Hammer-of-God laughed, a sound that started as a rippling chuckle and turned into a full-throated guffaw. The severed head of the hashashin on its pole above seemed to share the joke, leering with dried-out lips pulled back from yellow teeth.

"Barak is sending me to restrain the reckless?" he gasped.

Yigal snorted. "Sekkk tvaz," he said: "It's only reasonable. He said you were a ripe throat-cutting bastard, but you hadn't lived this long by being hasty about it."

"Save me the tzionut, I'm not in a mood for flattery and hot air," Hammer-of-God grunted, swinging into the saddle with one hand on the pommel.
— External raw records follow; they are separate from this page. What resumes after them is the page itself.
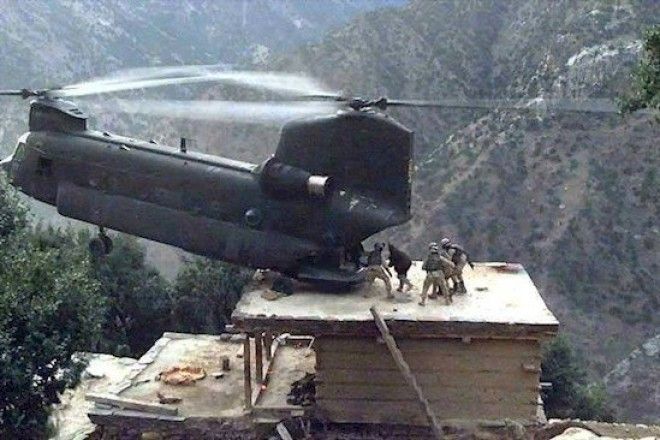 5 Пилот демонстрирует свои невероятные навыки во время спасательной операции в Афганистане интересное фотография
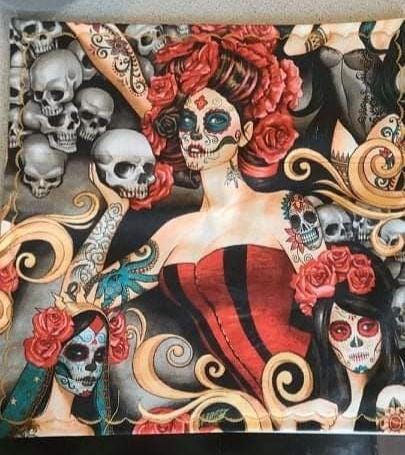 Tattooed woman hank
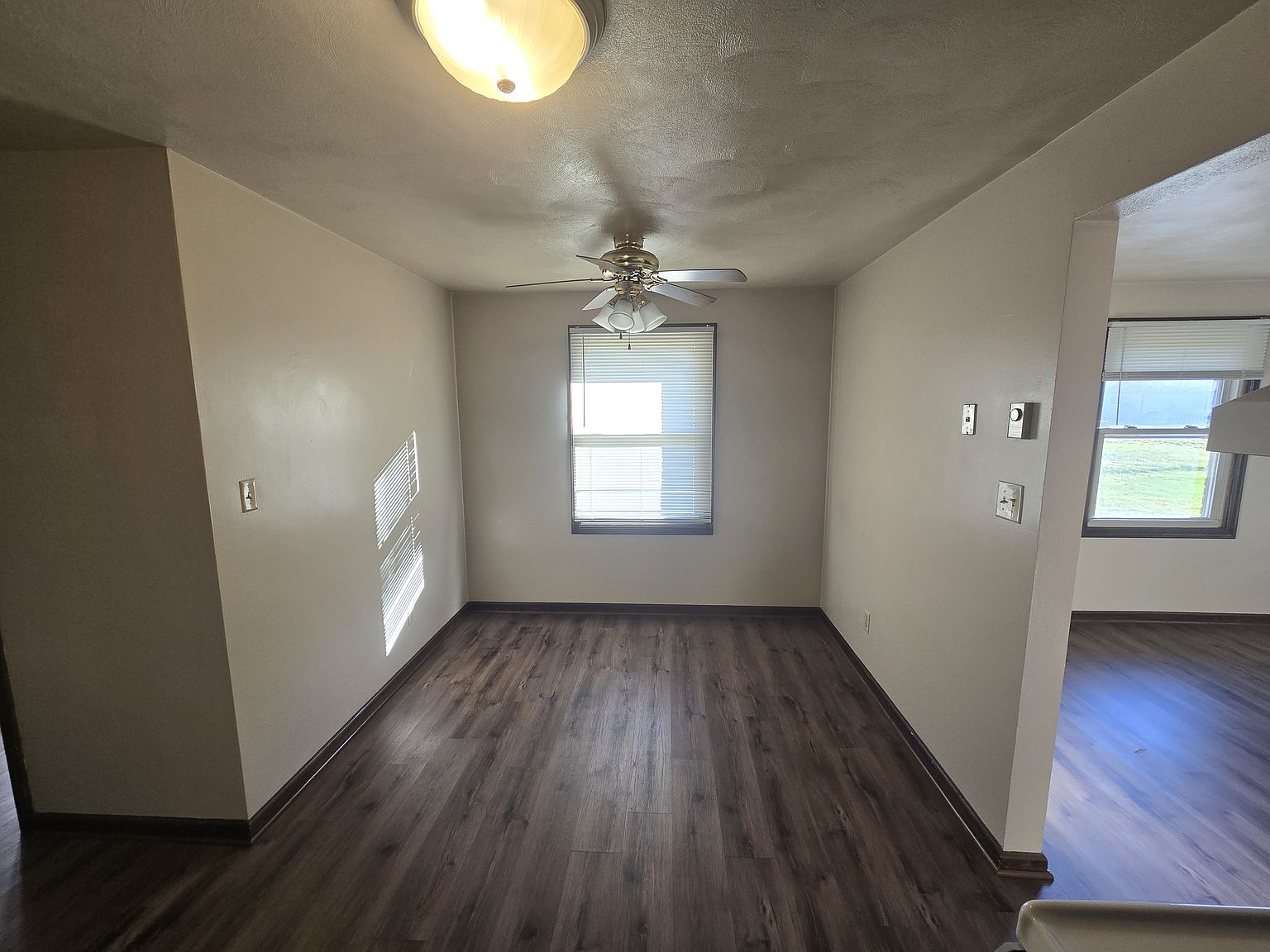 4328 Pitt St photo 5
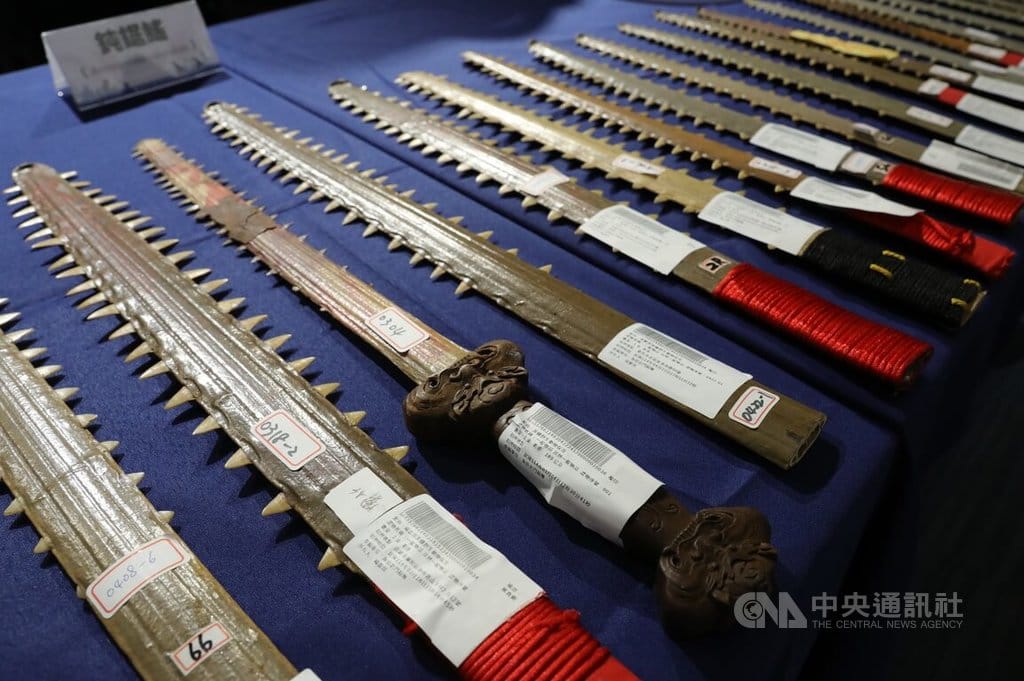 海洋委員會海洋保育署與海巡署等單位組成專案小組，自3月起查緝網路違法販售第一級保育類野生動物「鋸鰩」產製品，陸續逮捕15人到案，查扣37支鯊魚劍及86顆齒牙等證物，預估黑市價約新台幣160萬至180萬元。中央社記者張已亷攝  114年6月11日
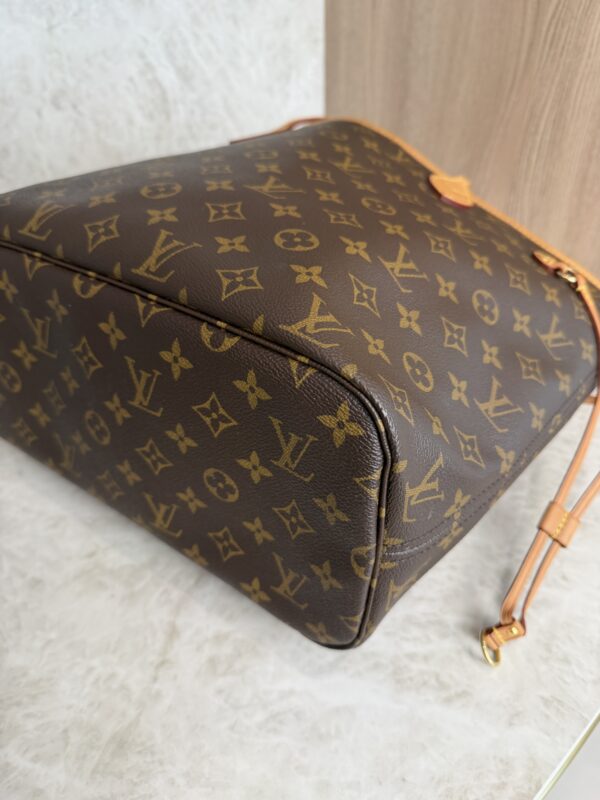 https://www.herauthentic.com/louis-vuitton-grained-calfskin-low-key-cabas-mm-black/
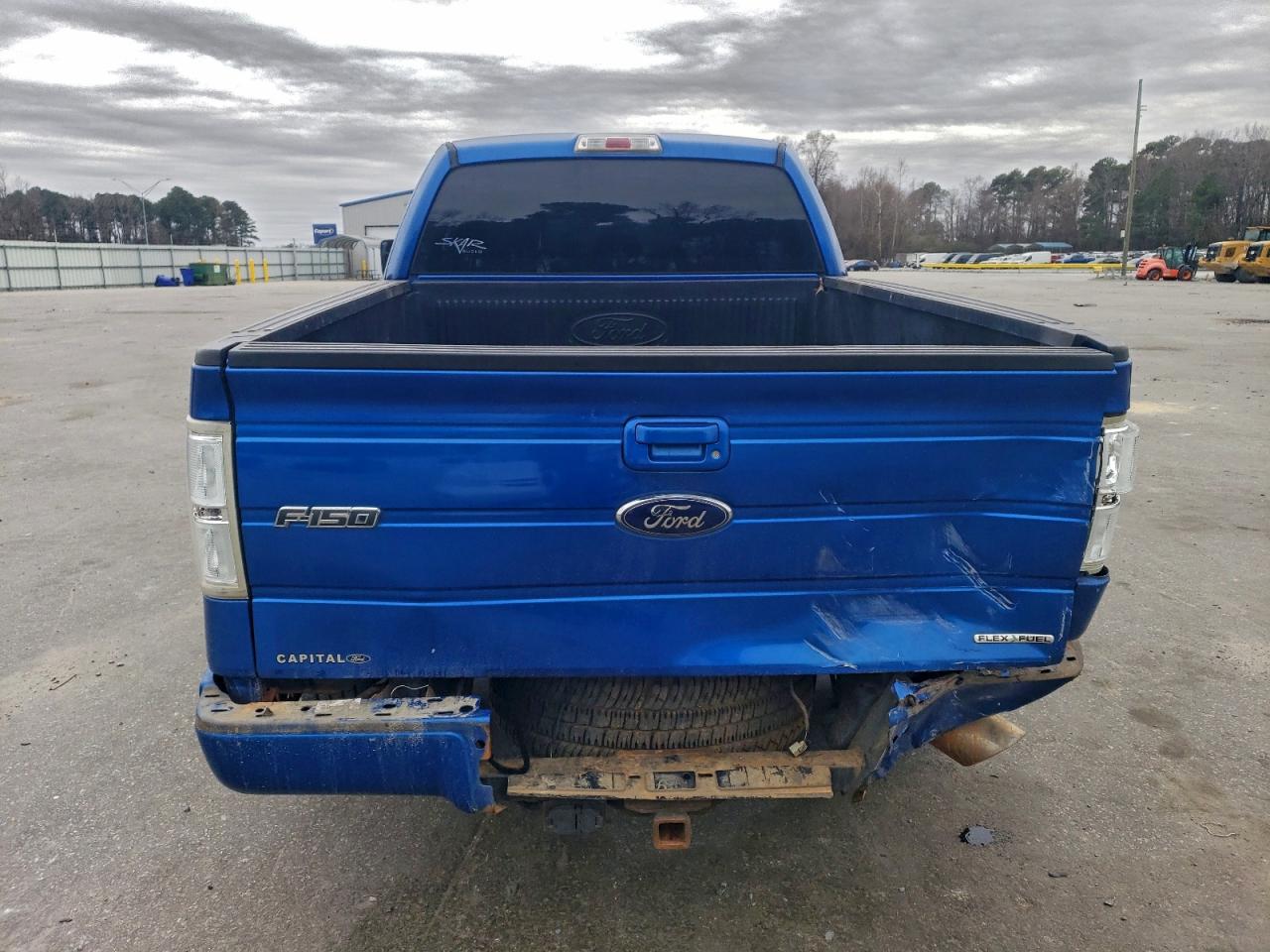 Ford F-150 Super Cab Image 11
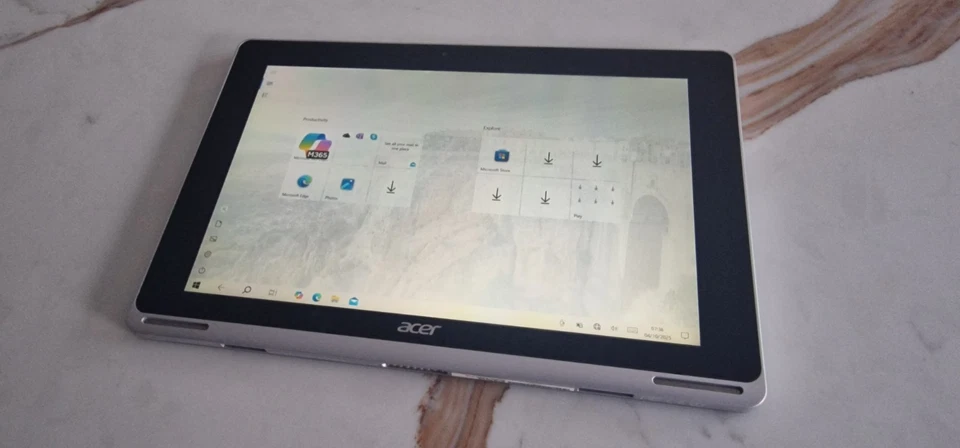 Acer Aspire Switch 10 SW5-012 10.1" Intel Atom 2 GB RAM 2 in 1 Laptop Tablet - Image 2 of 4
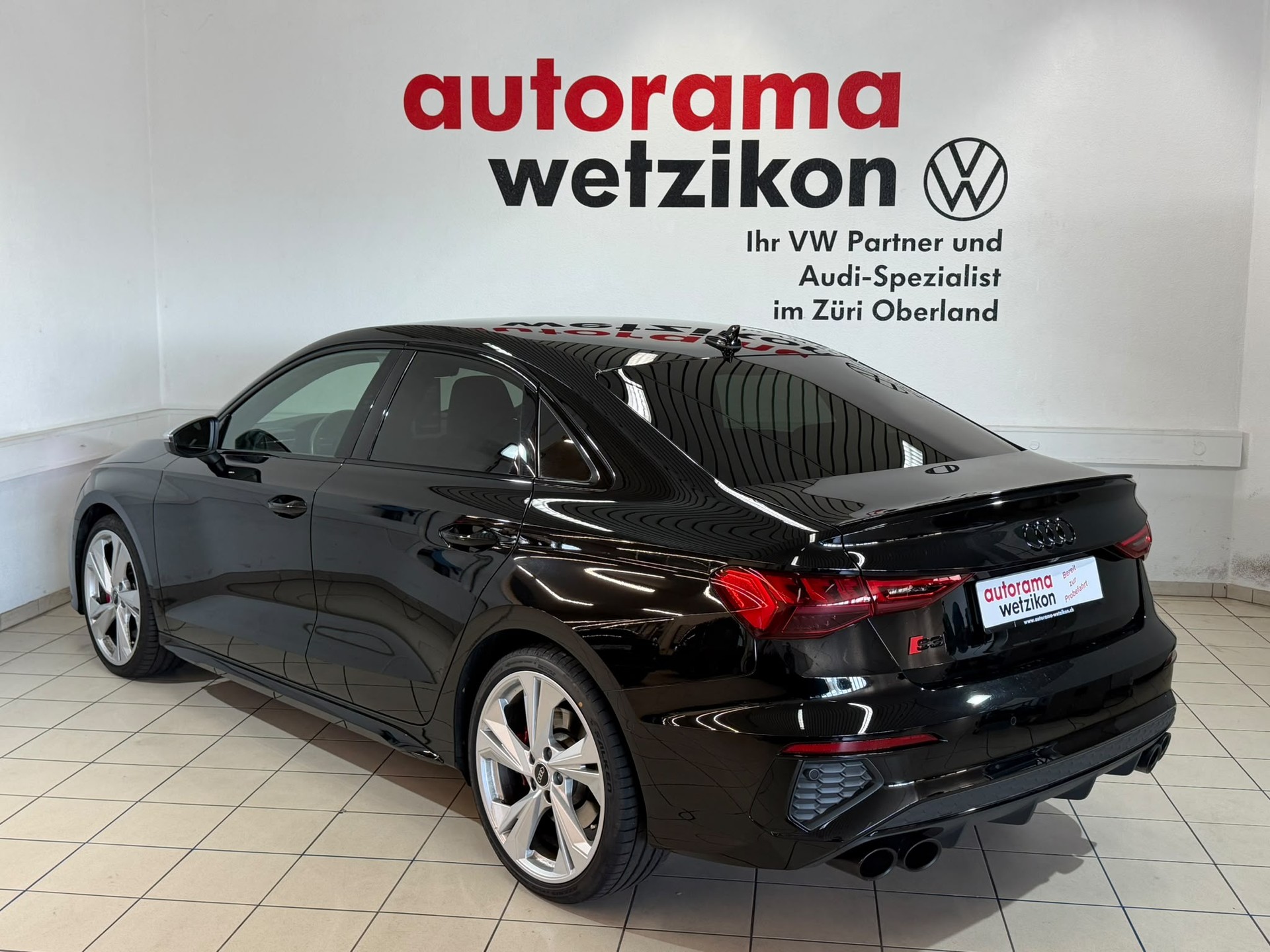 AUDI S3 Limousine 2.0 TFSI quattro S-tronic-showroom-element-2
Not too old for that yet, he thought with satisfaction.

"Yeweh be with you, my friend—and kick my son's behind when you see him," Yigal finished.

Hammer-of-God leaned down to fist the other man on the shoulder. "His for starters, Yigal—his for starters." He rose, stood in the stirrups.

"Ons trek, hulle pelmakim," he shouted with grand irony: let's get going, you stainless heroes.

Whips cracked, and the draught-muskies bent to the yokes; the drovers shouted the immemorial cries—"Trek! Trek! Bosman, Witje, Samson, trek! Veeery nice!"

Hooves scattered dust as the horsemen cantered ahead. Behind him, the last sound was the weeping of the farm's women.